Ghana Law May Require State Approval for Oil Loans, PwC Says
The Ghanaian government may require oil companies to seek its approval before obtaining loans for their operations if a draft petroleum exploration and production bill becomes law, according to PricewaterhouseCoopers LLP.
A section of the law, to be debated by the West African nation’s lawmakers, said that loans taken by contractors must be approved by the minister of energy, Darcy White, a tax leader at the company’s Ghana office, said in a presentation on the bill at a meeting in Accra, the capital, today.
“That can delay efforts,” he said, citing a lack of provisions in the draft policy for a loan-approval timeline. Interest on loans will be treated as a non-deductible expense on taxes, according to White.
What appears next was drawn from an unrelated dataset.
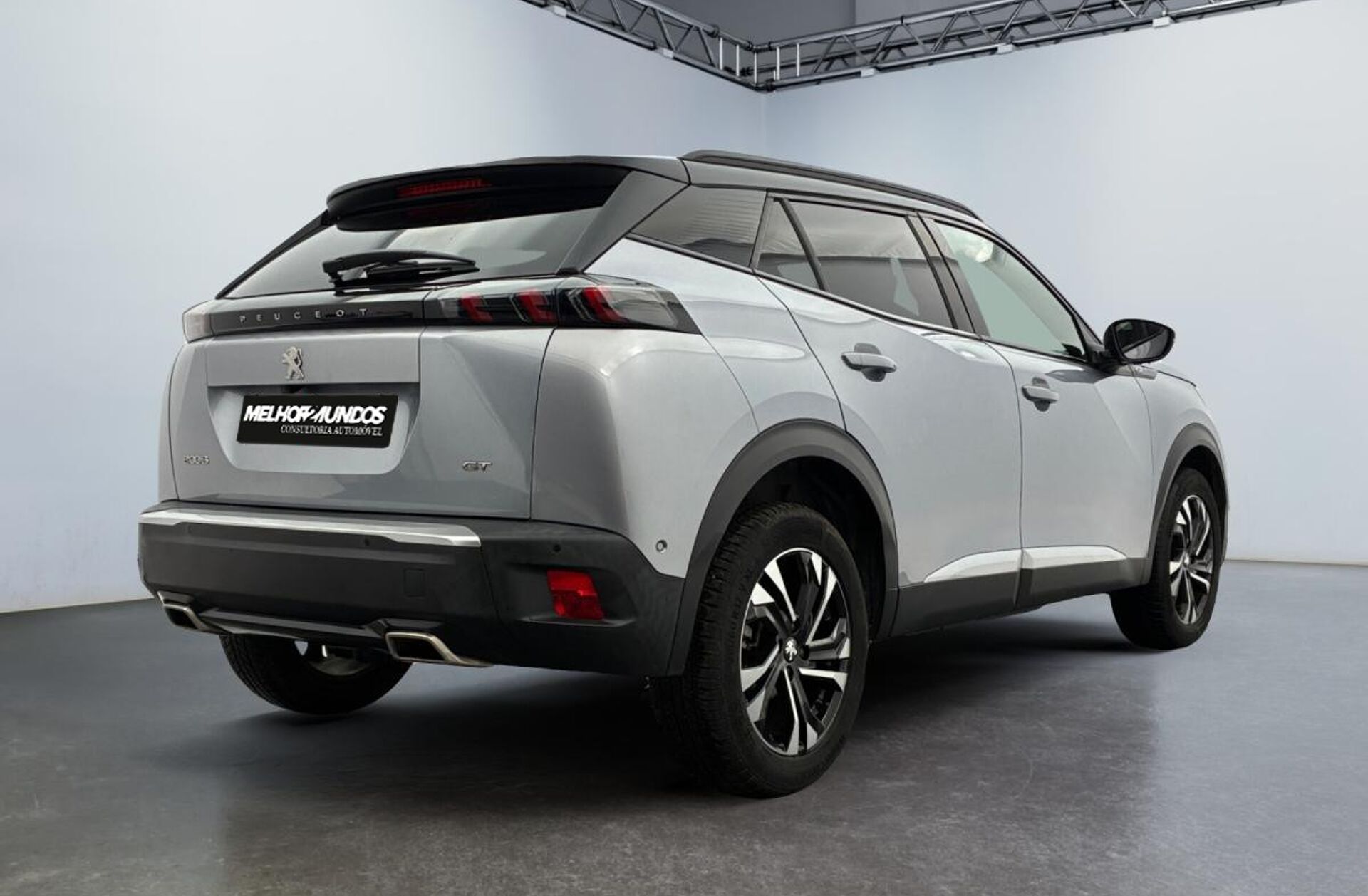 PEUGEOT 2008 1.2 PureTech GT EAT8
Ghana became Africa’s newest oil exporter in December with the start of production at its offshore Jubilee oil field. Companies including London-based Tullow Oil Plc (TLW), Anadarko Petroleum Corp. (APC) of The Woodlands, Texas and Eni SpA (ENI) of Rome operate in the West African nation.
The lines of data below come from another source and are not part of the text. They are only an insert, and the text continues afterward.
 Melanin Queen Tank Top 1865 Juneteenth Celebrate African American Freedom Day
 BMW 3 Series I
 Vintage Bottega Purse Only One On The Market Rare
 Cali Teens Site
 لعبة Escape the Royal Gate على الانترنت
The draft law will be presented to lawmakers when Parliament returns from its recess next month, Moses Asaga, chairman of the parliamentary sub-committee on mines and energy, said in a telephone interview today. He declined to give details on the policy.
The requirement may be meant to ensure that international oil companies procure only loans that are competitive, Alex Mould, chief executive officer of Ghana’s fuel-retailing regulator National Petroleum Authority, said at the forum.